▸ **DATA EXCERPT**
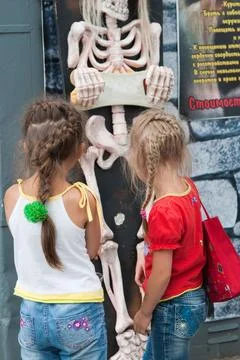 Vertical back view of small girls looking at a skeleton decoration of a shop Stock Photos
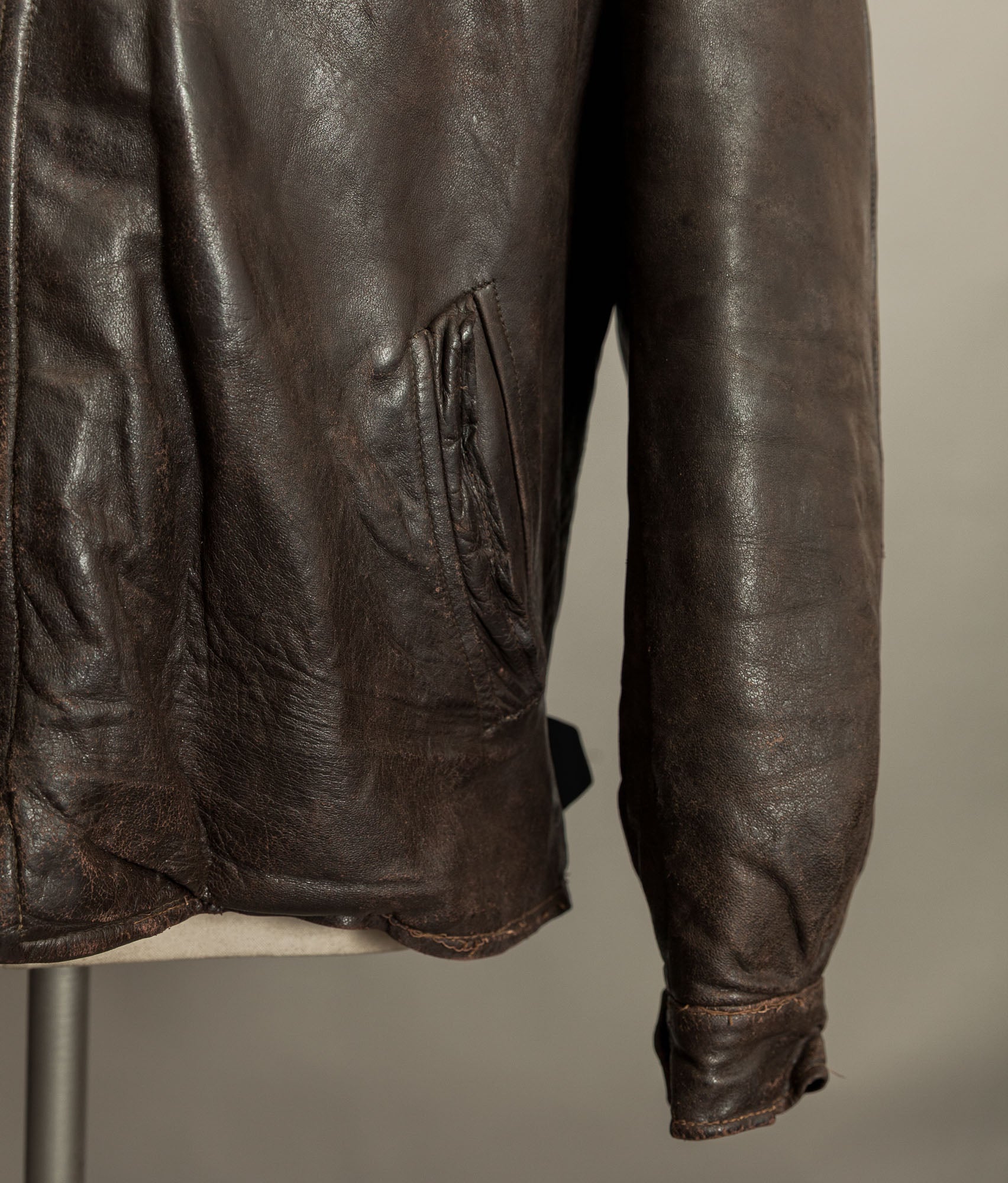 Vintage Late 1940s Czechoslovakian Leather Jacket Removable Mouton Liner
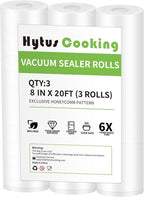 HytusCooking Vacuum Sealer Rolls, 3 Rolls 8" x 20', BPA-Free, Heavy Duty Multi-Layer Commercial Grade Food Storage Bags for Sous Vide & Meal Prep, Custom Sizes
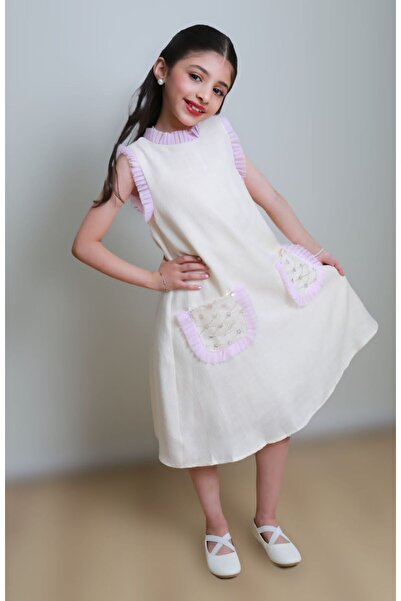 gmax Girls' dress with ruffles and pockets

▸ **WORK ORDER**
All of the data must be repeated exactly, except for the pictures.

▸ **ANSWER BOX**
 Vertical back view of small girls looking at a skeleton decoration of a shop Stock Photos
 Vintage Late 1940s Czechoslovakian Leather Jacket Removable Mouton Liner
 HytusCooking Vacuum Sealer Rolls, 3 Rolls 8" x 20', BPA-Free, Heavy Duty Multi-Layer Commercial Grade Food Storage Bags for Sous Vide & Meal Prep, Custom Sizes
 gmax Girls' dress with ruffles and pockets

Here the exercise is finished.